Exercise an important tool in a leader’s toolbox. Exercise increases the longevity of the leader. Exercise helps the leader fight stress and anxiety to be emotionally healthy for people he or she leads. Exercise helps the leader sleep better at night. Exercise increases the leader’s energy and mental acuity. Exercise helps the leader develop mental grit and perseverance as the leader learns he or she can keep going when feelings are telling the leader to quit.

For the past decade, exercise has been an important tool for me. Not because I am trying to look a certain way (I am not), but because I have learned the mental and energy benefits of exercise. On a normal week, I will exercise between seven and 10 hours. That includes walks with Kaye, mountain-biking and lifting weights. When I don’t exercise, I notice within a few days. My frustration tends to rise and I feel sluggish.

Here are five lessons I have learned about establishing and keeping an exercise rhythm.

 1. Find something you enjoy or people you enjoy exercising with.

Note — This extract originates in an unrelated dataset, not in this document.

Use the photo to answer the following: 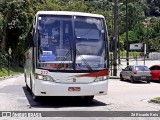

When you engage in a sport you enjoy, the time goes by so much faster. In some ways, it does not even feel like exercise. This is one reason I love Southern California so much. There are so many amazing things to do. The same is true if you enjoy the people you are with. I don’t really like walking that much, but I love being with Kaye, so that time doesn’t feel like exercise either.

2. Do something you don’t enjoy too.

I am sure some people don’t agree with this, but my thinking is that by doing something you don’t enjoy, you train your mind to keep going even when you don’t feel like it. I don’t really like lifting weights, but every time I go into the garage to lift, I am training my mind to keep going.

 3. Schedule your exercise each week.

Each week I will map out my plan for exercise in the note section on my phone. For years basketball was part of my plan, and I hope to add it back soon. But for now, the plan is mainly lifting weights, walking, mountain biking and sometimes road biking and paddle boarding. Setting the plan each week also dictates how early I will need to wake up on certain days and what Kaye and I will do on my day off.

Here was last week’s plan:

 4. Use your exercise time for other important moments too.

You may be thinking, “That is a lot of time!” It is, but the time is also used for more than one purpose. I walk with Kaye and enjoy that time with her. I mountain bike with friends (have planned worship services on a mountain bike) or use that time to pray through my upcoming sermon and for the people I will be preaching to. I listen to sermons while I lift weights. Rarely do I just exercise. Exercise is coupled with something else important.

 5. Start again when you stumble.

This is another reason I believe exercise actions are more important than exercise aspirations. If you fall behind in your goal, you can get demotivated and give up. If you are more focused on the right rhythms, then you can just start again when you stumble. Some weeks my exercise plan gets completely blown up. It is not good and I feel it, but it happens. Start again next week.

Reading has been an important tool in my leadership toolbox. Community with other leaders I trust and respect has been important. But exercise has been too. It is a gift, and I am grateful the Lord has given it.